The blitzkrieg of award season is right around the corner, and with it, we can expect an onslaught of stunt performances, designed to wow Academy voters and feature editors (and also viewers?) with their evident degrees of difficulty and demonstrable totality of transformation. With Daniel Day-Lewis having strapped on the Lincoln beard for Spielberg and Paul Thomas Anderson's The Master offering Joaquin Phoenix a chance to return to mainstream good graces after the all-in lived performance of I'm Still Here, it's hard to imagine an experimental Danish documentary siphoning off too much Best Actor attention. But make no mistake: In The Ambassador, Mads Brügger—who, as both featured performer in and auteur of films that seek to capture reality through fiction, is sort of the Euro film-festival equivalent of Sacha Baron Cohen, when Cohen was interesting—gives what has to be one of the riskiest and most committed performances of the year.

In 2010, Brügger won the world documentary prize at Sundance for his first feature, The Red Chapel, a hidden-camera comedy in which Brügger posed as the impresario of an experimental-theater troupe made up of two Danish-Korean comedians—one of them severely developmentally disabled—in order to smuggle cameras onto a “cultural exchange” trip to Pyongyang without raising the alarms of their North Korean hosts. The Ambassador, as with Chapel before it, is a document of a lie created in order to tell the truth. It begins with Brügger purchasing a diplomatic title on the black market in order to travel to the Central African Republic (CAR) in the guise of an ambassador to Liberia. To his title brokers and his new African associates, Brügger claims his goal is to use his perceived position (and bribes, secretly funded by the Danish Film Institute) to go into business with blood-diamond miners and move the gems out of the country under the cover of diplomatic immunity. Because he needs a business front, Brügger also claims to be building a match factory in the incredibly disadvantaged region—one staffed by Pygmies.

As Brügger tells it, the CAR is “a Jurassic Park for people who long for the Africa of the 1970s,” making it “a magnet for white men with hidden agendas.” It's also so rich in resources—cobalt, gold and oil, as well as diamonds—that postcolonial France still considers the region its “savings bank” and keeps the country under constant surveillance, in part to protect its interests from that new-kid-on-the-block carpetbagger, China. In character, Mads ingratiates himself with his local fixer by faux-casually mentioning he has “a problem with Asian people” and produces anti-French and anti-Chinese propaganda to sell his would-be match-factory employees the notion that this pasty foreigner is on their side.

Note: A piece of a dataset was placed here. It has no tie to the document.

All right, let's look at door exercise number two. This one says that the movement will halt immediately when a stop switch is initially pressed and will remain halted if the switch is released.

In Chapel, Brügger included footage suggesting he dropped the act whenever his North Korean hosts couldn't see him, and even in front of them, Mads and his collaborators carried on frequent back-channel conversations in Danish that served to remind the audience that a tenuous prank was under way. In The Ambassador's prologue, Brügger declares, “Here ends my life as a Danish journalist,” and in the opening credits, he's seen costuming for his new role. From that point on, when he's onscreen, he never breaks character. Brügger himself has contextualized the performance with a comparison to that pinnacle of colonial misadventure fiction, Curious George, calling his ambassador “the Man With the Yellow Hat gone bad.” With his wardrobe of linen pants tucked into riding boots, fishing hat, ostentatious cigarette holder and aviator shades, Brügger's conception of the decadent, blithely exploitative Westerner in Africa is like Hunter S. Thompson meets Carl Denham from King Kong—perfect for the figurehead of a film that's part gonzo journalism, part dangerous exhibition to domesticate the unknown by filming it.

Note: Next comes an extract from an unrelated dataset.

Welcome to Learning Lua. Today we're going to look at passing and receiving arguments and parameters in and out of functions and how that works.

It's an open question as to whether Mads' act was transparent to anyone else we see onscreen. Often, the angle (and shit video quality) of the footage suggests it was captured on a hidden camera, but sometimes, the subjects seem to know they're being filmed. We occasionally see the camera being hidden in advance of a meeting, one way the director points out the staging of the undercover act. Another method: acknowledging the questionable ethics of the act itself. Brügger knows he's never going to build a match factory, and he knows promising the destitute locals jobs that will never exist is, like, not a nice thing to do. Via voice-over, he admits to “giving these people a false sense of hope. But diplomats do this every day.” In other words, he would arouse suspicion as a faker if he didn't seem to be exploiting the penniless while profiting from alliances with the thugs oppressing them.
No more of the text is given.